*Work to be completed*. Write out the records below exactly as they appear, skipping each picture.

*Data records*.
▬▬▬▬▬▬▬▬▬▬

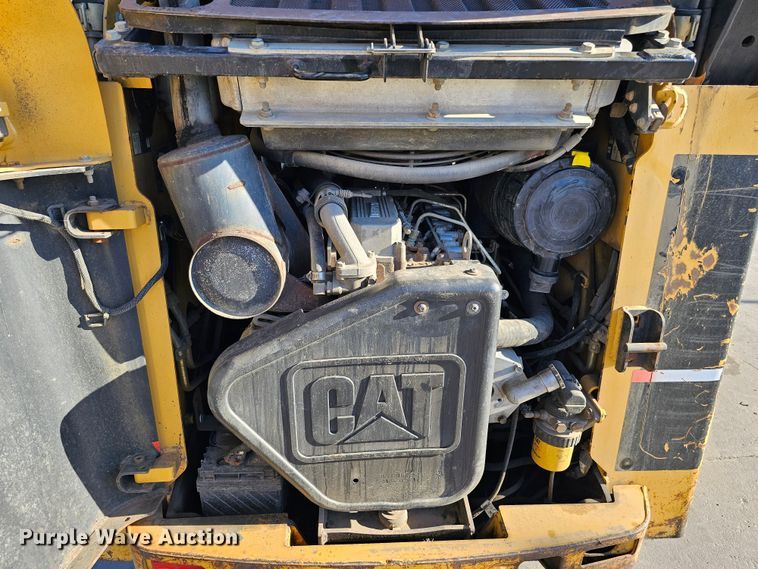 image for item DO4298 2005 Caterpillar 262B  skid steer loader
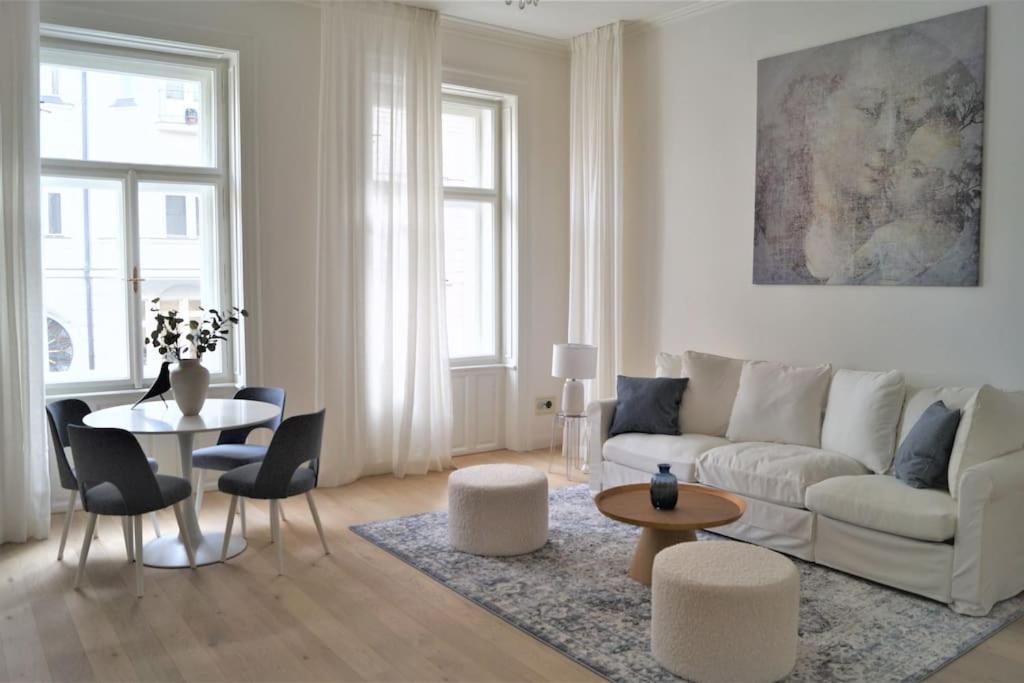 Old Town Luxury Apartment/sauna/bathtub/ac Prag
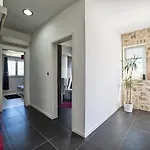 Stylish & Luxury With Pool, Biliard, Extra Pool Heating Available - Wiibuk *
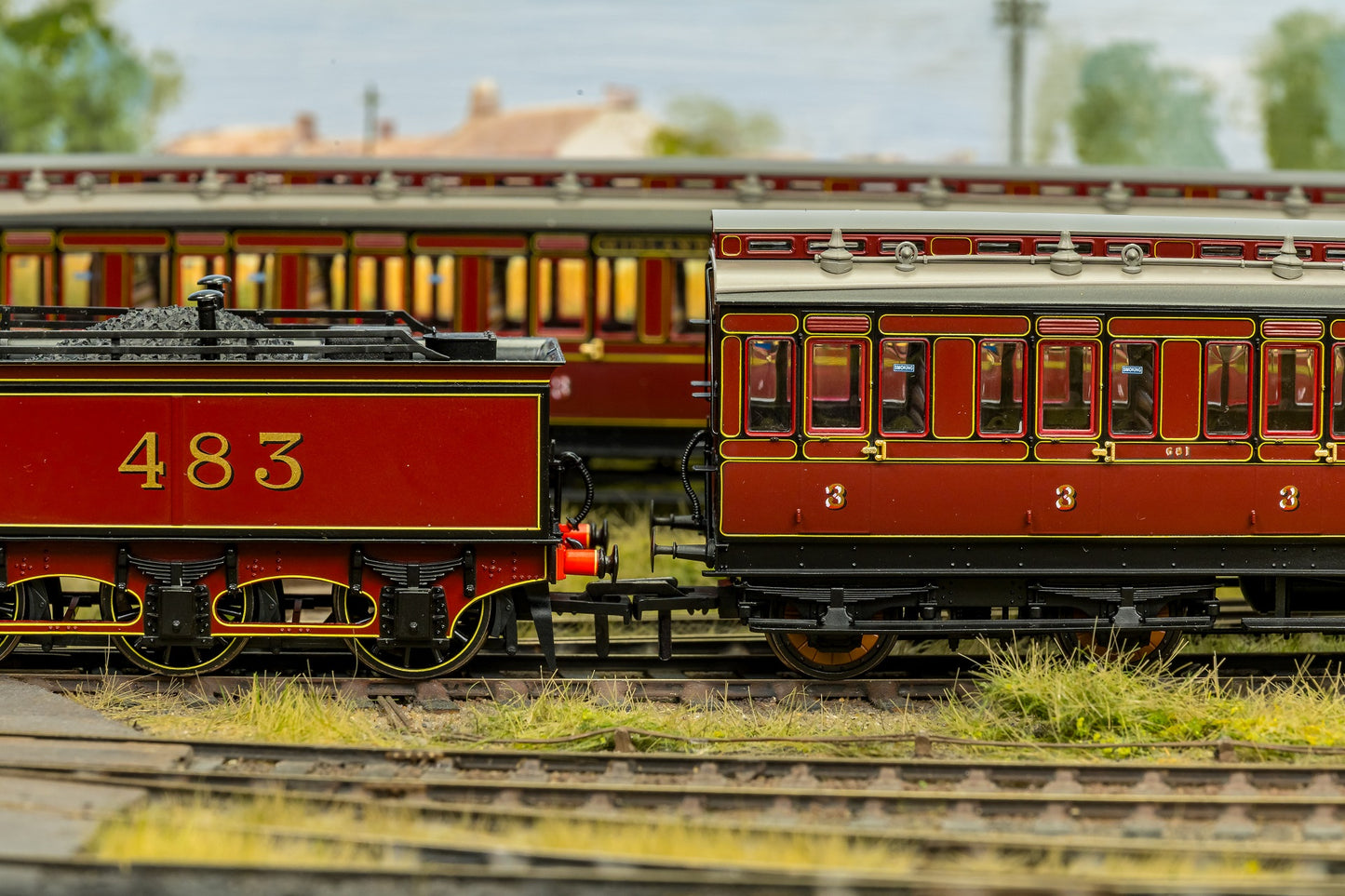 48' MR ‘Evolution’ Bogie Coach Non-Corridor Carriage No.681, No.2441 & No.3207 3-Pack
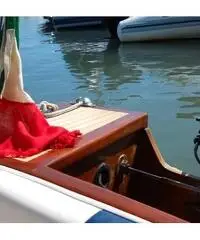 Motoscafo in legno Mattei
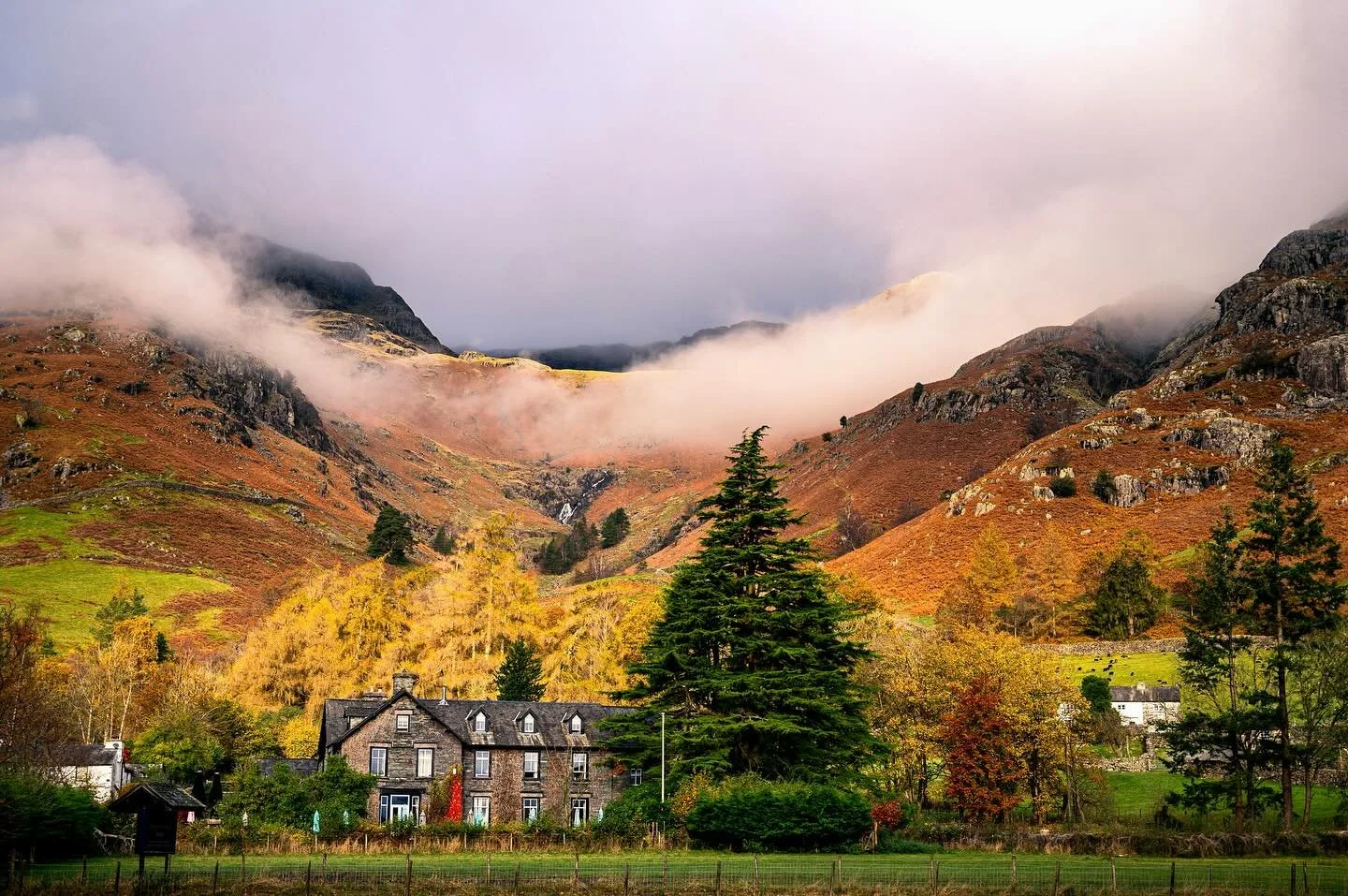 This time last year we traveled to the UK to see our dear friend @paigeypopss get married, and we ended up turning it into a little England/Scotland tour that revealed these places at their autumnal best. Somehow none of my photos/video ever made it 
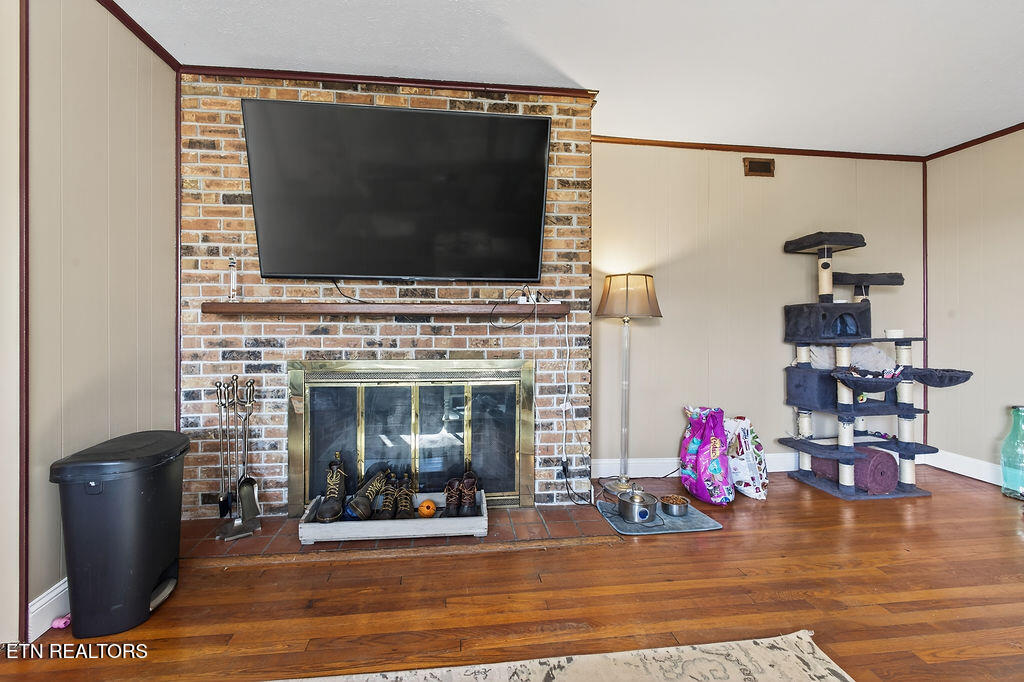 109 East Pasadena Road Oak Ridge, TN 37830 - Photo 17 of 33 Brick Wood Burning Fireplace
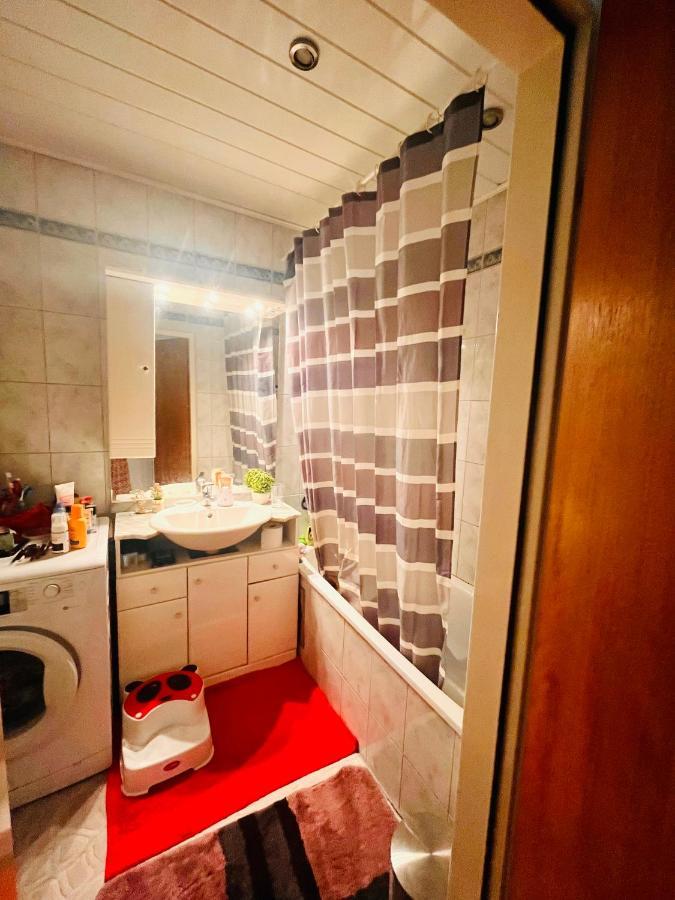 Séjour chez l'habitant 10 Min From U1 - Private In Shared Vienne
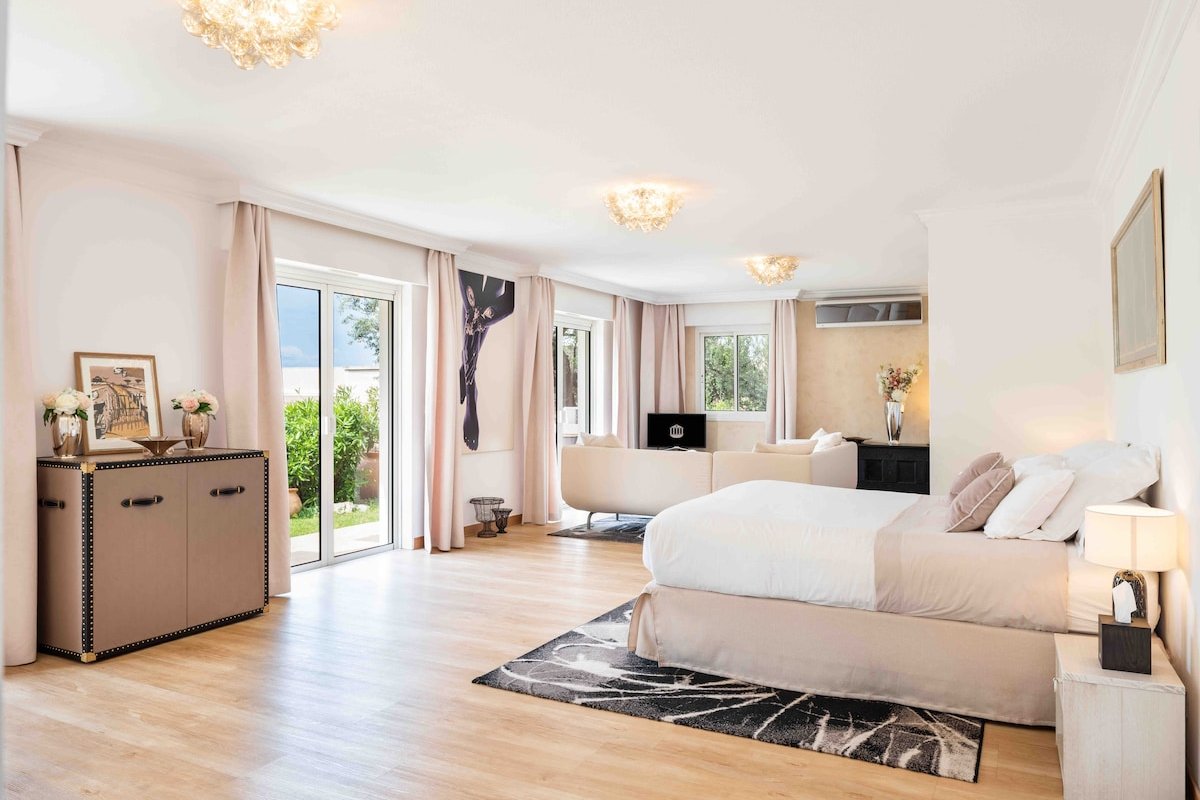 Villa Monaco | Luxury living minutes from Monaco gallery image 2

▬▬▬▬▬▬▬▬▬▬

*Exercise response*.
 image for item DO4298 2005 Caterpillar 262B  skid steer loader
 Old Town Luxury Apartment/sauna/bathtub/ac Prag
 Stylish & Luxury With Pool, Biliard, Extra Pool Heating Available - Wiibuk *
 48' MR ‘Evolution’ Bogie Coach Non-Corridor Carriage No.681, No.2441 & No.3207 3-Pack
 Motoscafo in legno Mattei
 This time last year we traveled to the UK to see our dear friend @paigeypopss get married, and we ended up turning it into a little England/Scotland tour that revealed these places at their autumnal best. Somehow none of my photos/video ever made it 
 109 East Pasadena Road Oak Ridge, TN 37830 - Photo 17 of 33 Brick Wood Burning Fireplace
 Séjour chez l'habitant 10 Min From U1 - Private In Shared Vienne
 Villa Monaco | Luxury living minutes from Monaco gallery image 2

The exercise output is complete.